The Arian baptistery was built to make the Goths of Arian worship and the Latins of Christian-Orthodox worship coexist peacefully, keeping the two currents separate in distinct districts of the city.
It is the only baptistery built specifically for the practice of Arian worship in Italy. The Arian baptistery was built in brick and has an octagonal plan.
The interior of the structure is bare while only the dome is decorated with mosaics. At the center is the representation of the Baptism of Christ, while outside are the empty throne of the azymasia and twelve apostles divided from each other by small palms. The gold leaf background, typical of all the Mediterranean culture of the time, recalls the symbolic representations of otherworldly light.
The Mausoleum of Theodoric was built in 520 at the behest of Theodoric the Great, who intended to make that grandiose building his future tomb. As the place for the realization of this work was chosen an uninhabited area near the necropolis.

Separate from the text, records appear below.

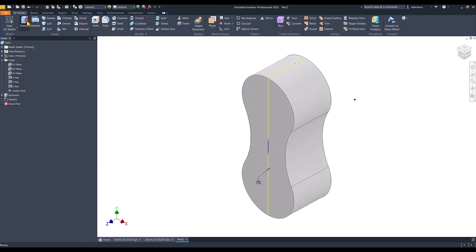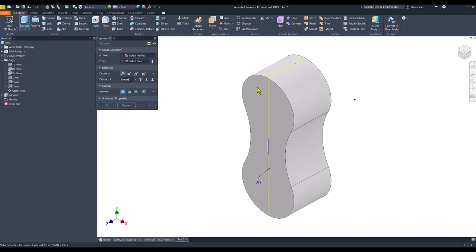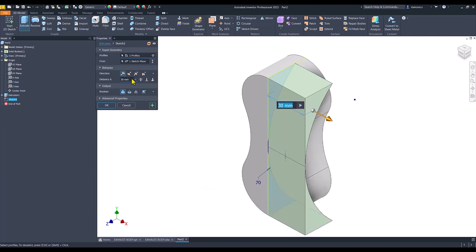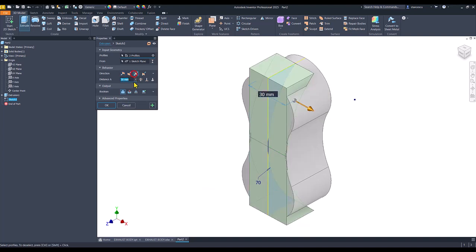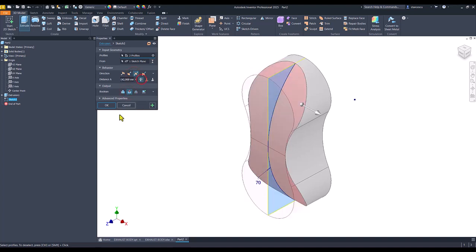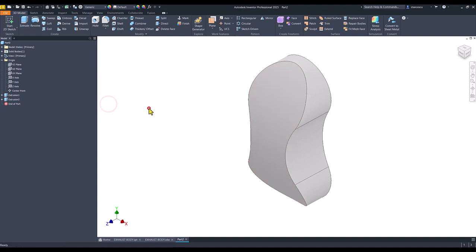Extrude. And, both areas, symmetrical, with cut. All the way. Okay.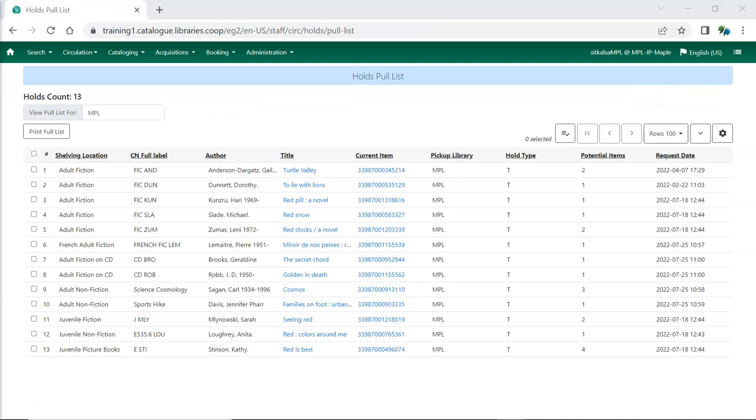The pull list for hold requests will now display shelving locations in the order you specified.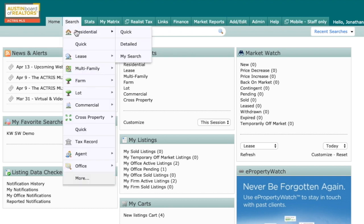A lot of times, our clients come to us and they're looking for single-family homes, townhomes, or condos, and we normally go to this residential search, either quick or detailed, and we're able to do so.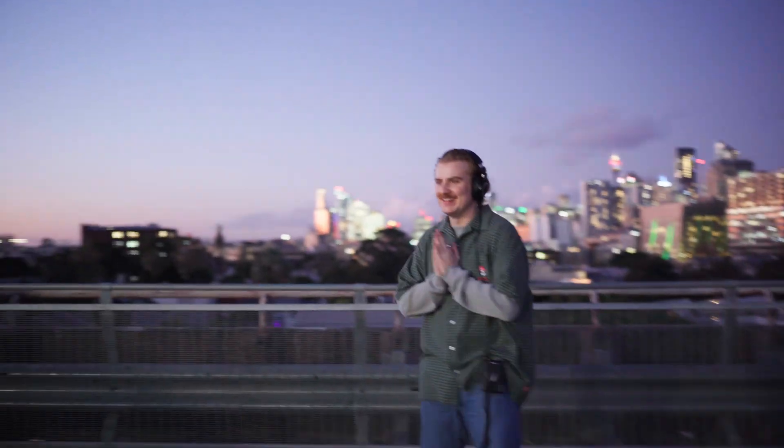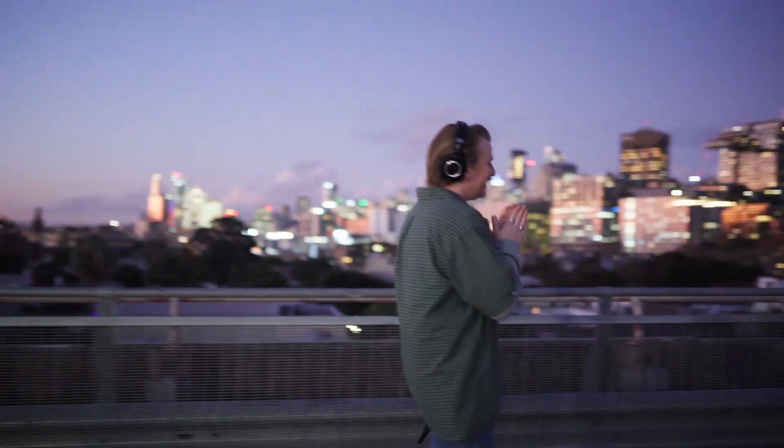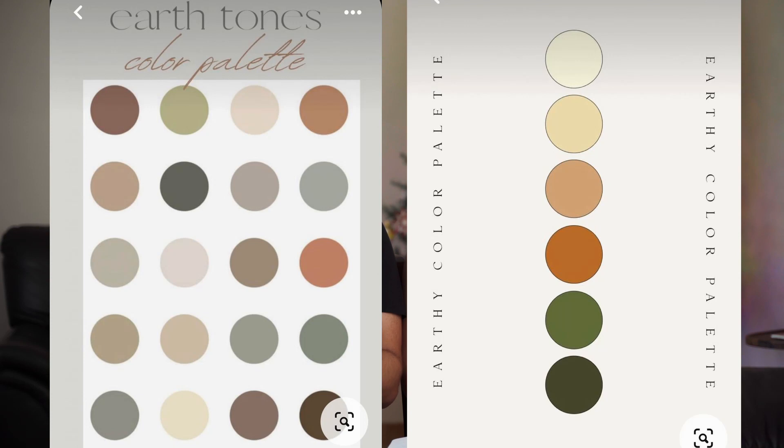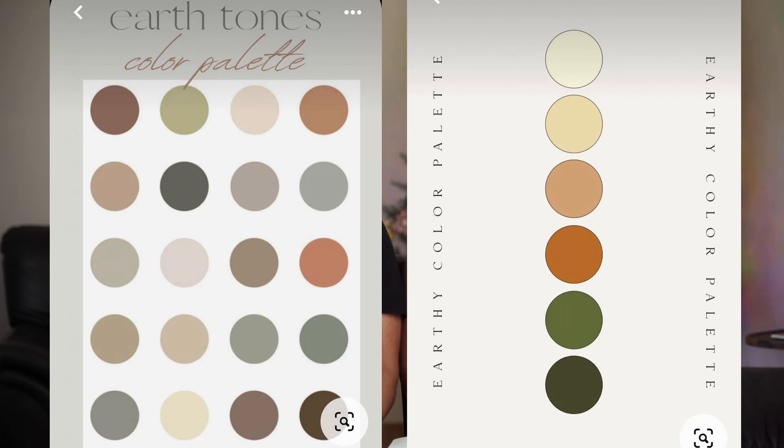Once we got out props for the video — cassette player and all of that — the number one thing was the color theory of it all, making sure that everyone's colors coordinated with the color palette we were going to go for in the edit. It was a lot of earthy tones: greens, oranges, blacks, browns — all of that.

One of the main features of the Mausoleum of Theodoric is represented by the materials chosen for its construction: unlike many buildings built in Ravenna, it was made of Istrian stone instead of simple bricks.
It has a decagonal plan and is characterized by two orders: the first is precisely decagonal while the second order, smaller, is circular.
Internally the room is circular, it can be accessed via a small external staircase and contains the porphyry basin, in which once rested the body of Theodoric, then removed in the Byzantine era.
The Mausoleum is now located in a park near the center of Ravenna, and is considered as the most famous and important funerary construction of the Ostrogoths.